(WHAT THE TASK REQUIRES):
Go to the line with "Can a director file an annual return?" in the material below and copy from there through the line with "Acropora Tumida 'Enzmann'", exactly. Pictures are not copied.

===== DATA EXTRACTS

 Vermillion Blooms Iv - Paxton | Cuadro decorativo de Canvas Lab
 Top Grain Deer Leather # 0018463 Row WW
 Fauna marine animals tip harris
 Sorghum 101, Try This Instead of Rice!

==========
===== DATA EXTRACTS

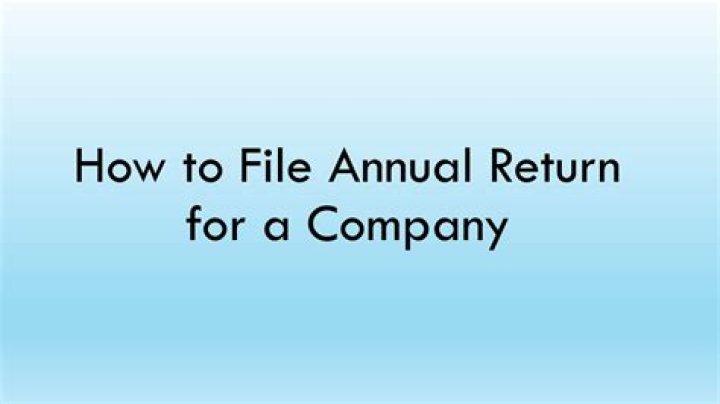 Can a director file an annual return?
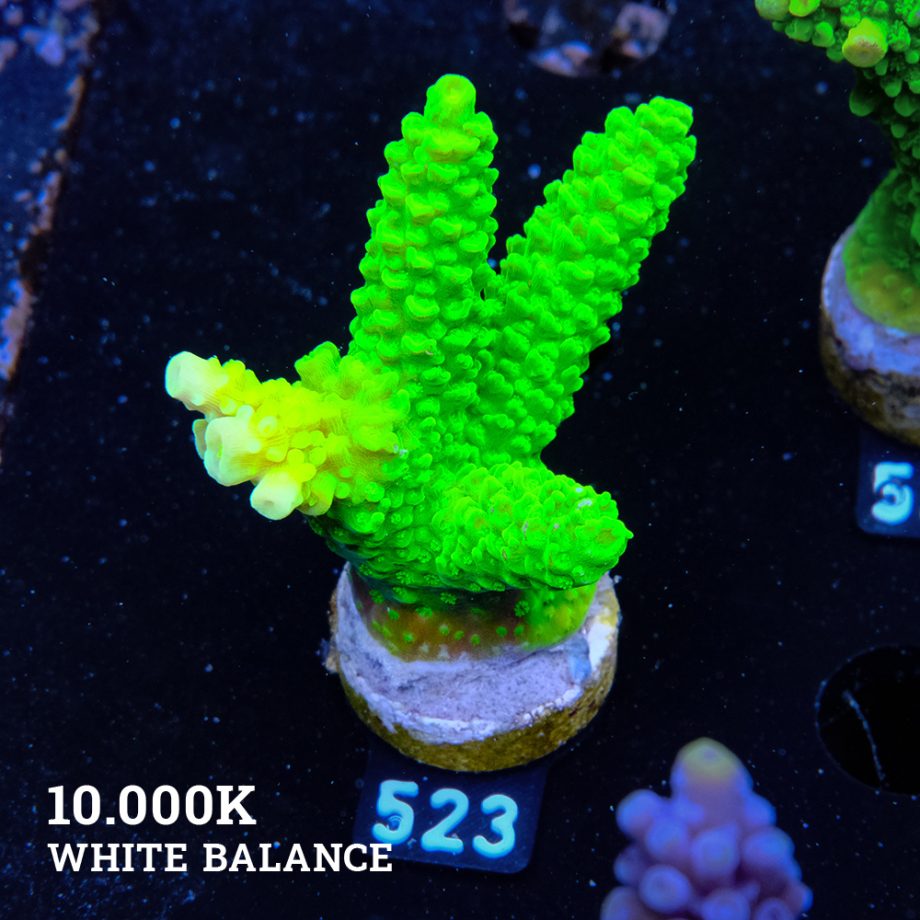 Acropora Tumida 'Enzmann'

==========

(SOLUTION):
 Can a director file an annual return?
 Acropora Tumida 'Enzmann'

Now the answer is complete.